I am not criticizing the current approach, I am merely pointing out that it is based more upon our Western interpretation of history, framing governance conflicts in religious terms, rather than appreciating the nature of these conflicts for what they more accurately are.

As to offering solutions, I have published and presented on this routinely. As these are not truly military problems, the solutions are not military solutions. Reframing the problem helps us to begin to reframe solutions. Once this is done the supporting tasks for the military will quickly emerge. We have to get past the idea that one must defeat the threat to the status quo first with the military prior to civilian governance officials tidying up behind. Governance reform must lead.

We actually see a de facto reform of US foreign policy taking place. The changes are largely positive IMO, but because their is no articulated theory for why they are making those changes and no articulated strategy to frame the context of what we are likely to do or not do, it is creating massive uncertainty for US Foe, Ally and Partner alike.
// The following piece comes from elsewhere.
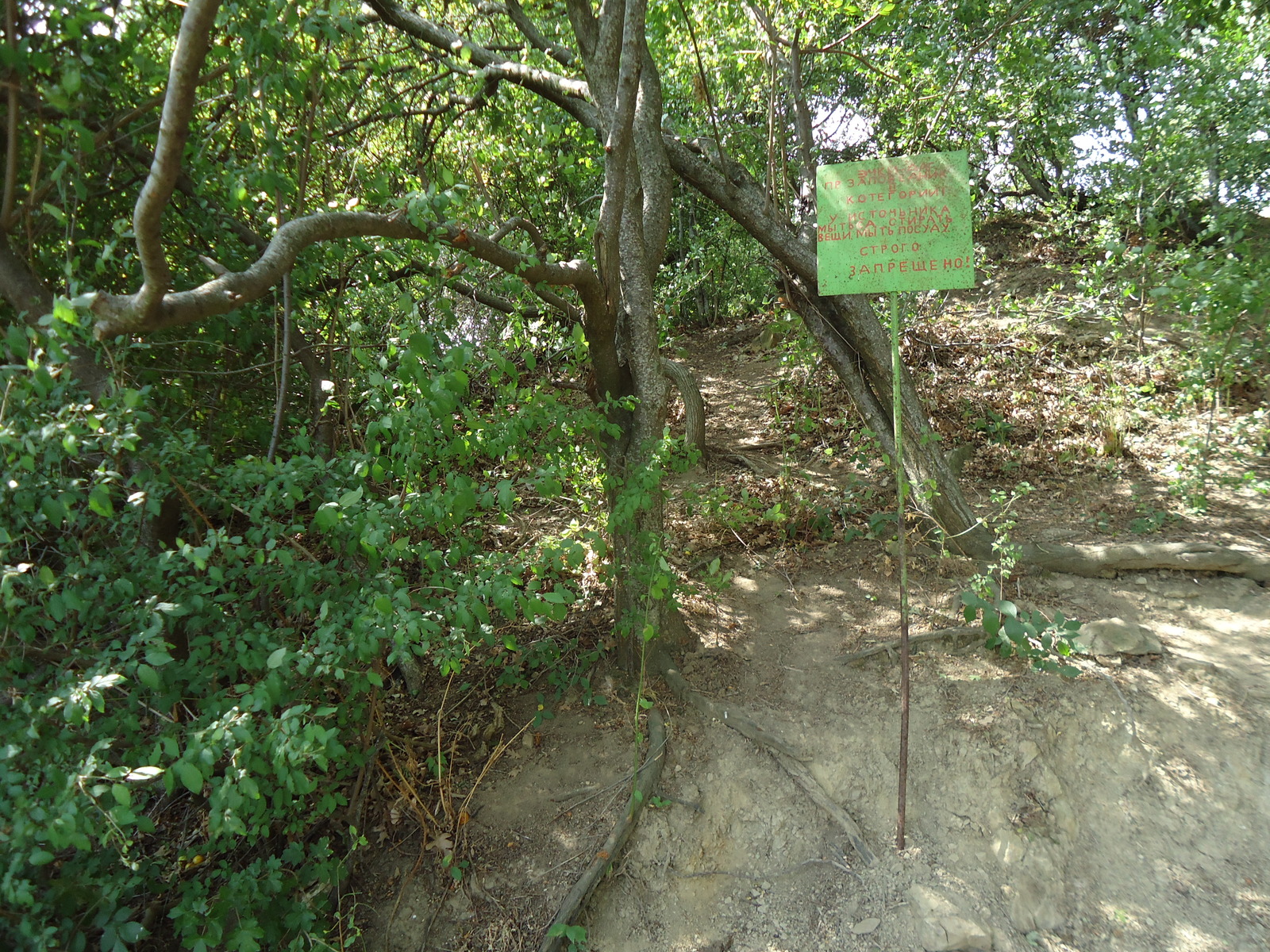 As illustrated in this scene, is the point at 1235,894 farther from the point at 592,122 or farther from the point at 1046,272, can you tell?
the point at 1046,272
The American people as well.

To cling to the approaches of the past, as many draw comfort from and encourage, as they criticize the current administration, can only lead to failure. To simply send out the military to beat down and prop up polices that have expired in the context of the world we live in today is folly.

A new National Security Strategy should be coming out soon. I hope it is dramatically more pragmatic than the family of post Cold War strategies we have attempted to live by in recent years. I hope it is more than vague, fluffy hand waves and platitudes.

But read my published piece on a recommendation for a new Grand Strategy rooted in the concepts that FDR planned to implement had he survived.

Read my published piece on a way ahead for Afghanistan focused on stepping back from attempting to prop up the government we created, and a mix of reconciliation, supporting the development of a replacement of the current destructively failed Afghan constitution with one more in tune with the culture and trust issues of the region; and being more pragmatic about working with whatever government emerges rather than thinking we need to shape who the winners or losers are.

I give too many solutions frankly, and am working more now on simply helping people to step back and think about the problem more clearly and then working out better solutions for themselves.